Saved entries:
BEGIN
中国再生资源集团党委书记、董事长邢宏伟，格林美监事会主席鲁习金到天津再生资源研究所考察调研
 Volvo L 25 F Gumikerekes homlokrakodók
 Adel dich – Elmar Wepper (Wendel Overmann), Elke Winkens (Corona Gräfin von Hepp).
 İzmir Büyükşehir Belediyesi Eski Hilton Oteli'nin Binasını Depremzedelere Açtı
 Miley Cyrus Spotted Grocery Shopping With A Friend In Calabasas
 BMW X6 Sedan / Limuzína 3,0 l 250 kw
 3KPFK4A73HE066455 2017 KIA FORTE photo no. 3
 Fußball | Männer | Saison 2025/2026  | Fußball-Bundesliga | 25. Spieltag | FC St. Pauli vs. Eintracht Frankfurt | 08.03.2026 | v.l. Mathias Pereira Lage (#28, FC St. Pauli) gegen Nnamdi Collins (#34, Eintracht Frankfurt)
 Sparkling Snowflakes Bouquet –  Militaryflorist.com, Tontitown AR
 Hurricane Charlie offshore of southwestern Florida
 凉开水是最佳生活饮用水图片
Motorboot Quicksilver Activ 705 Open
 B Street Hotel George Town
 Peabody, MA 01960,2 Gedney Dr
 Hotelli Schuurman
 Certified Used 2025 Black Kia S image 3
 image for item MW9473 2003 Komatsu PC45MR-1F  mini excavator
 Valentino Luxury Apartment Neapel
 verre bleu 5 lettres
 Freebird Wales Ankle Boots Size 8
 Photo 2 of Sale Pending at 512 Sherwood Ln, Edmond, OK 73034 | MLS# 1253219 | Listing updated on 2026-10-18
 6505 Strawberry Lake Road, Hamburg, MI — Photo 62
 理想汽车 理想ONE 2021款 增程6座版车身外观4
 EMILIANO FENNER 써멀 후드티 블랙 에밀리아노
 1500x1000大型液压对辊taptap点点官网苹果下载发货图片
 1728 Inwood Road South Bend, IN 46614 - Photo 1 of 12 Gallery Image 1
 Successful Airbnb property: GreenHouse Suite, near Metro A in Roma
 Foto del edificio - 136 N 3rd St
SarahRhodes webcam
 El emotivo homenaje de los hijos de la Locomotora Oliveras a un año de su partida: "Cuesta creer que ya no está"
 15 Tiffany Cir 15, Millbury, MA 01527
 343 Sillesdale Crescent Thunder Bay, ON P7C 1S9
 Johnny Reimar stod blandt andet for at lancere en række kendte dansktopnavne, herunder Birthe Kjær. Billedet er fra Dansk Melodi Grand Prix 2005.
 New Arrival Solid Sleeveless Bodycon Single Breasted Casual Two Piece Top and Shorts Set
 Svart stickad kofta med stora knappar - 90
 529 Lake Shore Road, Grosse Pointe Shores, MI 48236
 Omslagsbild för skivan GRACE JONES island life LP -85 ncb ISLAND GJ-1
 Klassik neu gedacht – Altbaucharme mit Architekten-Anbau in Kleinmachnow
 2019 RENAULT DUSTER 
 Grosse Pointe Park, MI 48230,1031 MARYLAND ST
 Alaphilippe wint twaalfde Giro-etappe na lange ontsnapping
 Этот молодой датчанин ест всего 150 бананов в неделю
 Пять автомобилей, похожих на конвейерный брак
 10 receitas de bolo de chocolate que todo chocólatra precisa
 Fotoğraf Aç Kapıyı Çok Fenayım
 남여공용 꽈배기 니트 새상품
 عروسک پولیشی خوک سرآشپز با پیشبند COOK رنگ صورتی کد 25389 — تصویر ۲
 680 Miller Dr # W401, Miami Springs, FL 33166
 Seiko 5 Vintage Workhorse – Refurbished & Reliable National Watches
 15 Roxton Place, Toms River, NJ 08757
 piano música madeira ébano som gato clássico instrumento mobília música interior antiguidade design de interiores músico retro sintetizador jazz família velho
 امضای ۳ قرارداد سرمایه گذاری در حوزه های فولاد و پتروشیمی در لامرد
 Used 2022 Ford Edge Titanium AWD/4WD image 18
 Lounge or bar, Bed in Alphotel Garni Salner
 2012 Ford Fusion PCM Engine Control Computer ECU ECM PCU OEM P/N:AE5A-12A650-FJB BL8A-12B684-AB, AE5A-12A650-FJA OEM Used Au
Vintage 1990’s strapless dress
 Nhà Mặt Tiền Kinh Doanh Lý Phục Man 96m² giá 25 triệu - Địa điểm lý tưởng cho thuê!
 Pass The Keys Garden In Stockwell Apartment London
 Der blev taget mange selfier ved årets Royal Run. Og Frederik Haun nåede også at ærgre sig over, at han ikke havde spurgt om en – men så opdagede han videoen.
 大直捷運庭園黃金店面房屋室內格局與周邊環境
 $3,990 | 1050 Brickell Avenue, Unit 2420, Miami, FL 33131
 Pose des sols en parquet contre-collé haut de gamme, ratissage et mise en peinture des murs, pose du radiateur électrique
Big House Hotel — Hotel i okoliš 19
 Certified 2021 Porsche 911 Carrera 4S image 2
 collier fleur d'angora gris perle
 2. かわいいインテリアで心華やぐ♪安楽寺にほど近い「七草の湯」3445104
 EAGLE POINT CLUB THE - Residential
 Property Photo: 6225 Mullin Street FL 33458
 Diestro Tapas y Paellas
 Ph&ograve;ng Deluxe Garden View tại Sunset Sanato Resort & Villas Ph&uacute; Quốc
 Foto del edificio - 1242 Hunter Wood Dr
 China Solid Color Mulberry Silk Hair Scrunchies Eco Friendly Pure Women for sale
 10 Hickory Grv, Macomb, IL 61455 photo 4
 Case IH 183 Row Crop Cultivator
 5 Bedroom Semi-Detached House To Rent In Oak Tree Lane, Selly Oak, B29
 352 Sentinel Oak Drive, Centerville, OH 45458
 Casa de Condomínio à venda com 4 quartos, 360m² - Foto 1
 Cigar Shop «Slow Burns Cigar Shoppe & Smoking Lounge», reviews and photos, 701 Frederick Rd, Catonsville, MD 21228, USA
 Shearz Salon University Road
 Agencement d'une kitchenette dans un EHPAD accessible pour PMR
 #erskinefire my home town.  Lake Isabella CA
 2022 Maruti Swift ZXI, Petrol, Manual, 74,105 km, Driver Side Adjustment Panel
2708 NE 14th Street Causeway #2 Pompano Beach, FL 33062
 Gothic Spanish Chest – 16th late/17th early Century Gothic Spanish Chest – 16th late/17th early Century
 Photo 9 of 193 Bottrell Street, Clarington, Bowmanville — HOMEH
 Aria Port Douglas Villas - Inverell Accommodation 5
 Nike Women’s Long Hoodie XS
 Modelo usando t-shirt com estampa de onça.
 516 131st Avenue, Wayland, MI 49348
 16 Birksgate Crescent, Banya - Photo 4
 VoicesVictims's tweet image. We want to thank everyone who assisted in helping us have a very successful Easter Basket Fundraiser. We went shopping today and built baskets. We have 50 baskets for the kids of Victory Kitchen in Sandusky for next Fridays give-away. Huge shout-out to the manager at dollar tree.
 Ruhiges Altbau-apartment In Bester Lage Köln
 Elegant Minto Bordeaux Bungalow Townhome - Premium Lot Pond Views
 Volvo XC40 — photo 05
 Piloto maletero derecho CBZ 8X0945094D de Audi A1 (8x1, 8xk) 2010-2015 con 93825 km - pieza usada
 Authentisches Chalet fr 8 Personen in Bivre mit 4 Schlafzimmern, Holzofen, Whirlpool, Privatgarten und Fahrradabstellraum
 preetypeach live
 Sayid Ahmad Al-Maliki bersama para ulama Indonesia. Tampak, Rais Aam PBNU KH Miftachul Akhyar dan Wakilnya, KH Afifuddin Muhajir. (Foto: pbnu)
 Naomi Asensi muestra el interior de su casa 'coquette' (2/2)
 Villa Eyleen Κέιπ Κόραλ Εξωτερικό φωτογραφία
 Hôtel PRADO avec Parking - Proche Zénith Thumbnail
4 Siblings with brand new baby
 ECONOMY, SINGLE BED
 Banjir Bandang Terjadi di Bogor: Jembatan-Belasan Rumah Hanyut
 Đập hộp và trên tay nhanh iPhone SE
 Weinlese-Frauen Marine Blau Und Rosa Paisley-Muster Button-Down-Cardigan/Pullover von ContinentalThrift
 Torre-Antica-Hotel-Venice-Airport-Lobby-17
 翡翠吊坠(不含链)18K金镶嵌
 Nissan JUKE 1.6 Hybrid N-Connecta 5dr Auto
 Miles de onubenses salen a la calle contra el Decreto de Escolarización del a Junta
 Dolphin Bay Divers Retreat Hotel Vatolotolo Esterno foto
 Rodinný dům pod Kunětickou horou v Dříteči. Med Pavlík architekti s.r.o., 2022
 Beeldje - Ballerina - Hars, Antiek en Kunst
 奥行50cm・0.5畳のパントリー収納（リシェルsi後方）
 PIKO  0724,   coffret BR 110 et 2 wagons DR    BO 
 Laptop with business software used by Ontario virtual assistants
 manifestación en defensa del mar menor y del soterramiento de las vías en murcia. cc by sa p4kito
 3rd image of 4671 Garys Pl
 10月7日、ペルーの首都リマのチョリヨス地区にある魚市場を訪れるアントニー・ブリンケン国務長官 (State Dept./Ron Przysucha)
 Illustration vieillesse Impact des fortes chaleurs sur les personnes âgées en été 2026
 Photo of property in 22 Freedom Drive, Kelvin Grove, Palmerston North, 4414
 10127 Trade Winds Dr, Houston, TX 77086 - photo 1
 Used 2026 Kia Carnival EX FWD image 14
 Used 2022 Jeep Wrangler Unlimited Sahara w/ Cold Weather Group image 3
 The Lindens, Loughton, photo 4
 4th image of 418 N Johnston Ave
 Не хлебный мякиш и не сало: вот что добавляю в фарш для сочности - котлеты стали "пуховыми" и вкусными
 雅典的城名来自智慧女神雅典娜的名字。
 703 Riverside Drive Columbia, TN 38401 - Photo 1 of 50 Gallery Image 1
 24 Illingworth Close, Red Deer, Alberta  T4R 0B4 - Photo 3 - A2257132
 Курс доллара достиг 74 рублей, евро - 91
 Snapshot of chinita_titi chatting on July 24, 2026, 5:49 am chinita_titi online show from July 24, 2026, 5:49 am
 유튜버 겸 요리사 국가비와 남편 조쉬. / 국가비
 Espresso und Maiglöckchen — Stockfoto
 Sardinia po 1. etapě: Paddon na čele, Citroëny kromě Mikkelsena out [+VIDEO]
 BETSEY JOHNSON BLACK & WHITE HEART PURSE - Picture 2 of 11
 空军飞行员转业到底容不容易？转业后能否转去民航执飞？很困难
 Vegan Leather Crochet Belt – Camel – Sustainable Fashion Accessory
END
WHAT YOU SHOULD DO: The answer must consist of every line above that contains the word "Lage".

ANSWER FOR THE TASK:
 Fußball | Männer | Saison 2025/2026  | Fußball-Bundesliga | 25. Spieltag | FC St. Pauli vs. Eintracht Frankfurt | 08.03.2026 | v.l. Mathias Pereira Lage (#28, FC St. Pauli) gegen Nnamdi Collins (#34, Eintracht Frankfurt)
 Ruhiges Altbau-apartment In Bester Lage Köln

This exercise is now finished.